━━━━━ Supplied data
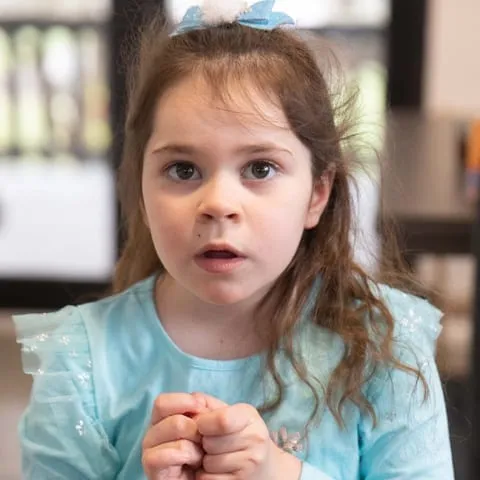 Karolina, the girl with Cockayne syndrome type B for whom the campaign was launched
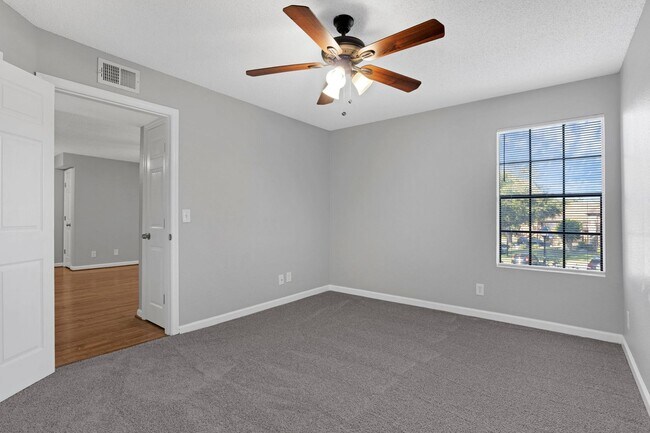Building Photo - 1/1 Condo in Gated Lakefront Community ~ Laminate Flooring and Brand-New SS Appliances!!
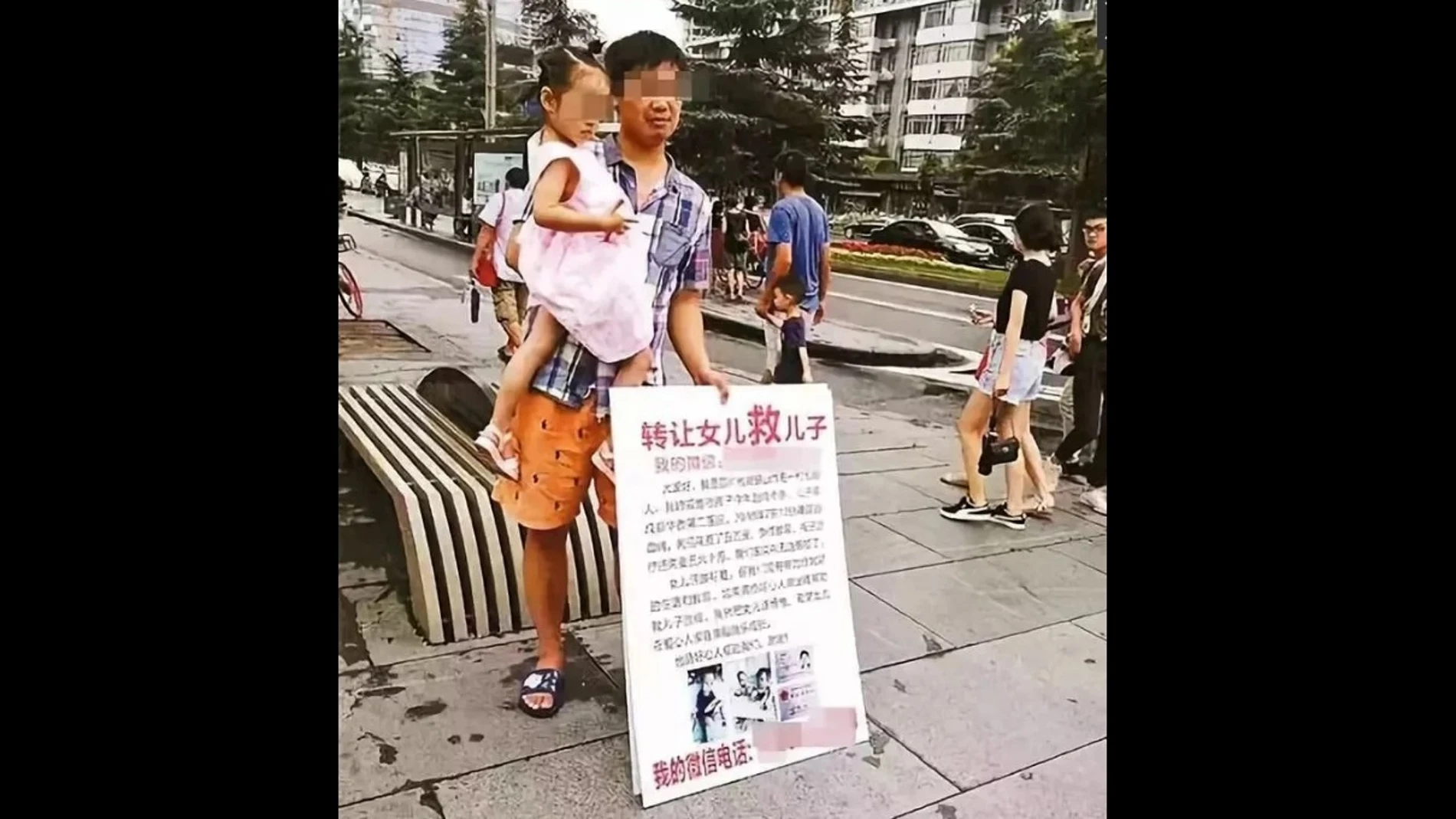 El padre junto a su hija El padre junto a su hija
━━━━━━━━━━
Work task: Transcribe the listing exactly; skip the pictures.

Answer below:
 Karolina, the girl with Cockayne syndrome type B for whom the campaign was launched
Building Photo - 1/1 Condo in Gated Lakefront Community ~ Laminate Flooring and Brand-New SS Appliances!!
 El padre junto a su hija El padre junto a su hija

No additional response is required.